WHAT THE EXERCISE ASKS =>
Could you filter the records below down to the lines that include the word "Antique"?
[[ DATA SUPPLIED, beginning ]]
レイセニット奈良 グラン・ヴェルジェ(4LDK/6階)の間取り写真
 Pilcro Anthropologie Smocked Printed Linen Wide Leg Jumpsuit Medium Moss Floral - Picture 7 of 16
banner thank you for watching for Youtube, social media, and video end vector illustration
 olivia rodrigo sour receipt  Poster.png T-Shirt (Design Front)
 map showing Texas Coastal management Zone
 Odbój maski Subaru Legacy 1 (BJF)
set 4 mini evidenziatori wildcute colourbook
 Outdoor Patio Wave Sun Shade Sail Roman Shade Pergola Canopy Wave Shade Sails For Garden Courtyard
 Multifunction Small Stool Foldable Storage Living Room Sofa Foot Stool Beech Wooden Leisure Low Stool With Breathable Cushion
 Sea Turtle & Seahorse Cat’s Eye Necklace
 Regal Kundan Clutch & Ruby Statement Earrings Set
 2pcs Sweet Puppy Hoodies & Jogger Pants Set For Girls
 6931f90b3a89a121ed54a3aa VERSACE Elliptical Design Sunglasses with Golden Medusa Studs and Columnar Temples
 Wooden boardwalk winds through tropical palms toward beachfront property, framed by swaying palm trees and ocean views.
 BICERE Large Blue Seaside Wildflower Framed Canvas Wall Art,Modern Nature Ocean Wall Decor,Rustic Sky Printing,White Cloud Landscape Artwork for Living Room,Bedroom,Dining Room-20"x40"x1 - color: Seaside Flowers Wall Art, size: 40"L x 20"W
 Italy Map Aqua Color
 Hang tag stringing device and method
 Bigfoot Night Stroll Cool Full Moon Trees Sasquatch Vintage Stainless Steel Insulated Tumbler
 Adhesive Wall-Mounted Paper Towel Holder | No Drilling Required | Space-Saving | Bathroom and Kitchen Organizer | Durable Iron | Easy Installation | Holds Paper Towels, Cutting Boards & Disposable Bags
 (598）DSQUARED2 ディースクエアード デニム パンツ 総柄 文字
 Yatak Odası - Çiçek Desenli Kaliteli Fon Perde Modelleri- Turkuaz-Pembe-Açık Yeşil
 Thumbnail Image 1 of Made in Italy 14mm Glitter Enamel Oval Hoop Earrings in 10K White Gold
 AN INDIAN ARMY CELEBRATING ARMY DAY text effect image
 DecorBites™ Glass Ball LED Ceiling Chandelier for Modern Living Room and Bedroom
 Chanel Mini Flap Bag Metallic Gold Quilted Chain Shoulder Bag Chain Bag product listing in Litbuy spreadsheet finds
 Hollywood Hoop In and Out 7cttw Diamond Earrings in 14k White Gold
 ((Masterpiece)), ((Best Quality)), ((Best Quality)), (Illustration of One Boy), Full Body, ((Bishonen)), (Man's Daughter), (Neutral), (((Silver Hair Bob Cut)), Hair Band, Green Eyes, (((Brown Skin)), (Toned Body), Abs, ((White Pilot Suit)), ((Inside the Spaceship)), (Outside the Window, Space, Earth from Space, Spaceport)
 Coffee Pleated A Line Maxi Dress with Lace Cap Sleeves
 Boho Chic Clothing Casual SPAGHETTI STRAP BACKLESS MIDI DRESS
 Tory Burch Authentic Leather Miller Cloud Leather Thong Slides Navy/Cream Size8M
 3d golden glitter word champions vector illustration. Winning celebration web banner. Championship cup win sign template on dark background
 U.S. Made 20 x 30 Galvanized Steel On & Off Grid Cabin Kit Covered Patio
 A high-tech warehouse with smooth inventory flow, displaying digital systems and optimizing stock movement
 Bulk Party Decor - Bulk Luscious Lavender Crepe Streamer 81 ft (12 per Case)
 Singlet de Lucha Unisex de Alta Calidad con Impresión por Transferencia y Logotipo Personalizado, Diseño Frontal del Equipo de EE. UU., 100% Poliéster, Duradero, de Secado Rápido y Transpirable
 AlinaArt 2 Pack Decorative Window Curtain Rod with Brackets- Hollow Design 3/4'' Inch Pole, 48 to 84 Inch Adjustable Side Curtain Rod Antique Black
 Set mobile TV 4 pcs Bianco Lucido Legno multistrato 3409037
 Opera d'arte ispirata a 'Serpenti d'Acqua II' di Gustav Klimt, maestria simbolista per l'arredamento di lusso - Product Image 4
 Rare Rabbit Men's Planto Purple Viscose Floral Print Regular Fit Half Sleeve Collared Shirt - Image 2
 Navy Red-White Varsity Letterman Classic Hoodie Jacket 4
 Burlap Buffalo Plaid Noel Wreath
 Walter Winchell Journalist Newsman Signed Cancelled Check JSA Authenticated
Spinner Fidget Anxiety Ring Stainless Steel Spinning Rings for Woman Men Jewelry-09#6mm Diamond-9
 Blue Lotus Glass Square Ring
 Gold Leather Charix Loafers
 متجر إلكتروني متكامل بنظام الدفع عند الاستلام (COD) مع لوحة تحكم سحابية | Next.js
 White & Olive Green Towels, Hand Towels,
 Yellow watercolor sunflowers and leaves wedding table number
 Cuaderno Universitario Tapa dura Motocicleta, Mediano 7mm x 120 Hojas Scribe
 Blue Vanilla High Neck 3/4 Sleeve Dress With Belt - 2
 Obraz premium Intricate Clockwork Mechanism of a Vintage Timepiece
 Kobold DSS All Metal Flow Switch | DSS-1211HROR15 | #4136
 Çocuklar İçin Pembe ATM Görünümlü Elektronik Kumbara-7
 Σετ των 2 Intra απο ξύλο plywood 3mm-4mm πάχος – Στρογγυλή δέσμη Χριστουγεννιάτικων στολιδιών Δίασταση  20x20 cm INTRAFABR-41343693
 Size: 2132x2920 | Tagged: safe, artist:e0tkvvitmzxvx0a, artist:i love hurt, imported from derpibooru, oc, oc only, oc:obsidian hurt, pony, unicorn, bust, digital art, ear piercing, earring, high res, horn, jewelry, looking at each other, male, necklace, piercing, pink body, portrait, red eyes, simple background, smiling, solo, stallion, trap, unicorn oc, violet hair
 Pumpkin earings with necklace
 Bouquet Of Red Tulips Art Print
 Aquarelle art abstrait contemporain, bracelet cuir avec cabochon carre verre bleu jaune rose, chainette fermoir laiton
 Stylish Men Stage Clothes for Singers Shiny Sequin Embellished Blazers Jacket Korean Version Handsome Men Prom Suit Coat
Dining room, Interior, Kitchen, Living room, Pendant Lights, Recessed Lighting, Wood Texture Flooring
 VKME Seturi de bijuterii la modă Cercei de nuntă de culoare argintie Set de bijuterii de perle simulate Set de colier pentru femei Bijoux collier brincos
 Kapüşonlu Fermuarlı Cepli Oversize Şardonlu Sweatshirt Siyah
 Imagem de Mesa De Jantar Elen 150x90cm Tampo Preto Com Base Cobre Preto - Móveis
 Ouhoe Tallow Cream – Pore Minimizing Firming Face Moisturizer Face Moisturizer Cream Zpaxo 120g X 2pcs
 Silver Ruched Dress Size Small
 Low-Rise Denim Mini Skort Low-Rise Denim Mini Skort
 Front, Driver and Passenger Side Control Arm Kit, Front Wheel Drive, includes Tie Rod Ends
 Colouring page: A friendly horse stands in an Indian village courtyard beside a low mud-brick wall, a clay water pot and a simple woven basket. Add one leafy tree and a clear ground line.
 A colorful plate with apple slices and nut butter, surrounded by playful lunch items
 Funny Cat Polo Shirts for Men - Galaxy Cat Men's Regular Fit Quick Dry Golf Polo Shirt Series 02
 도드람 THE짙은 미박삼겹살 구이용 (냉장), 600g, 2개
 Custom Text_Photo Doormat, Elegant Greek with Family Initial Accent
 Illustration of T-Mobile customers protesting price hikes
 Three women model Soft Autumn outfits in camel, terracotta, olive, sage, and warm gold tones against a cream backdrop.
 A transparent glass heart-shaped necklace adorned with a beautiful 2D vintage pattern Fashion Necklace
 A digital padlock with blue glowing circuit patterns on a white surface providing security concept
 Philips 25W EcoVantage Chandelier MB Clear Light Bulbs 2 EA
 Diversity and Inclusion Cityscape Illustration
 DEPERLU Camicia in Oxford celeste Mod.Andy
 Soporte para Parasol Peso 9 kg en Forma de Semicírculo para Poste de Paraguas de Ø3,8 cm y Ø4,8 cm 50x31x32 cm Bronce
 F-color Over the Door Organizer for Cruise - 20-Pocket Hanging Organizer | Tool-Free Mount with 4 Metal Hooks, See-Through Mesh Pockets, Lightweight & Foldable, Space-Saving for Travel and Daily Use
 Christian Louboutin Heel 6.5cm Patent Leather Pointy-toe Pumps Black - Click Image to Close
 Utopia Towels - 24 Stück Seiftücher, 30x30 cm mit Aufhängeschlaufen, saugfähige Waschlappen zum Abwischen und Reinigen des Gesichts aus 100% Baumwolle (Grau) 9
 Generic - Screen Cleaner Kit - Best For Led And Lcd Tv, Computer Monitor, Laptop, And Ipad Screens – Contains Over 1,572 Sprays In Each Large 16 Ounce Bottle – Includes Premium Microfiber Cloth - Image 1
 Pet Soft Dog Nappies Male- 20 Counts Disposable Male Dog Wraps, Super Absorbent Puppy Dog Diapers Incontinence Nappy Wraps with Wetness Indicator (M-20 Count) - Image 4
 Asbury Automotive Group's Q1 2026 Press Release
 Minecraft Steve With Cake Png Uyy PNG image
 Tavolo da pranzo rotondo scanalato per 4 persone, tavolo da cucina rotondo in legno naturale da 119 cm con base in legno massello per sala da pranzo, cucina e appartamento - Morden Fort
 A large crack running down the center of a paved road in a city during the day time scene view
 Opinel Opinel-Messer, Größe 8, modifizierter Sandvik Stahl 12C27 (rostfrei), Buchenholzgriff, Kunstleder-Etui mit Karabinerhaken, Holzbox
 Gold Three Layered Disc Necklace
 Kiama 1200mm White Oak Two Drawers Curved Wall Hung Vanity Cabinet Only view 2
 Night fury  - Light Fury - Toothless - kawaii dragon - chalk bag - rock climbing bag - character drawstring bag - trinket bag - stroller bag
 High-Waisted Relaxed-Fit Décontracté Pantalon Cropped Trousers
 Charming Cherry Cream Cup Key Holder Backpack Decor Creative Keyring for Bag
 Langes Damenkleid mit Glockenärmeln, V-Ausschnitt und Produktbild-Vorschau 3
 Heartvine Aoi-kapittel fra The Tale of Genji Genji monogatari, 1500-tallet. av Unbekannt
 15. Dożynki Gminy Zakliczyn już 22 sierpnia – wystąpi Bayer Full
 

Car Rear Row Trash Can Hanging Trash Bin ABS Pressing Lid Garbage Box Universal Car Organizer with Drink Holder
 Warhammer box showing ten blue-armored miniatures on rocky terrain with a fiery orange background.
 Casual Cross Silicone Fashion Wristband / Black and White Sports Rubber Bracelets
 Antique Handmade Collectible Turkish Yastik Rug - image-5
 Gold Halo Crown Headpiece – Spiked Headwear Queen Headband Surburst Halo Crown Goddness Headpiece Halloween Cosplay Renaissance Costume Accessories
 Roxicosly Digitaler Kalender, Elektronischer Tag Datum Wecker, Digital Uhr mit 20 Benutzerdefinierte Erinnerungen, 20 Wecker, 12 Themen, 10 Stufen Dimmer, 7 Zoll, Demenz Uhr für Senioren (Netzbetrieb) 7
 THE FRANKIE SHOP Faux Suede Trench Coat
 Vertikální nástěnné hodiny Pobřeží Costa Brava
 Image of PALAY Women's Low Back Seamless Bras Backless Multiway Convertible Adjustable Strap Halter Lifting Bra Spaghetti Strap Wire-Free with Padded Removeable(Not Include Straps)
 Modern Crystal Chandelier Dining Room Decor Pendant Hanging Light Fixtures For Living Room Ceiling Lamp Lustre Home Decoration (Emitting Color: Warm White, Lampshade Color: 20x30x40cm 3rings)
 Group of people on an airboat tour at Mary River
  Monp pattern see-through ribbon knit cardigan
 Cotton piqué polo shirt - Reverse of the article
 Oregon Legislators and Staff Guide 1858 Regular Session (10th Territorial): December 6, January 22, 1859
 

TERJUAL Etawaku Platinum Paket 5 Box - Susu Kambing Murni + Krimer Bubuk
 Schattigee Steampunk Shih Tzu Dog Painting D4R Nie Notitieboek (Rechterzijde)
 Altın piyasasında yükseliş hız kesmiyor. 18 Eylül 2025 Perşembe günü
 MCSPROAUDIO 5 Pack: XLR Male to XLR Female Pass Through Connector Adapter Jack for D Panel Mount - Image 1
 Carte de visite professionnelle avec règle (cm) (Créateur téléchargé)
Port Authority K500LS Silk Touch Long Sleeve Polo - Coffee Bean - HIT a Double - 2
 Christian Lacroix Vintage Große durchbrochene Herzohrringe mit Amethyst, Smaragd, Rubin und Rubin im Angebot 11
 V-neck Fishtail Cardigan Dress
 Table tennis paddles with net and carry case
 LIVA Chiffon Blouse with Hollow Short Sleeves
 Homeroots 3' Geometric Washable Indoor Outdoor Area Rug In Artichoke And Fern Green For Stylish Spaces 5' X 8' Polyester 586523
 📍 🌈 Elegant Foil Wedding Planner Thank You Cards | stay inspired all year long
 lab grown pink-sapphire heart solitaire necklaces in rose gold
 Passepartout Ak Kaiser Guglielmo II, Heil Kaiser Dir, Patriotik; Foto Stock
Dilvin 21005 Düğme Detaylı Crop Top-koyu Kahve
[[ DATA SUPPLIED, end ]]
SOLUTION FOR THIS TASK =>
 AlinaArt 2 Pack Decorative Window Curtain Rod with Brackets- Hollow Design 3/4'' Inch Pole, 48 to 84 Inch Adjustable Side Curtain Rod Antique Black
 Antique Handmade Collectible Turkish Yastik Rug - image-5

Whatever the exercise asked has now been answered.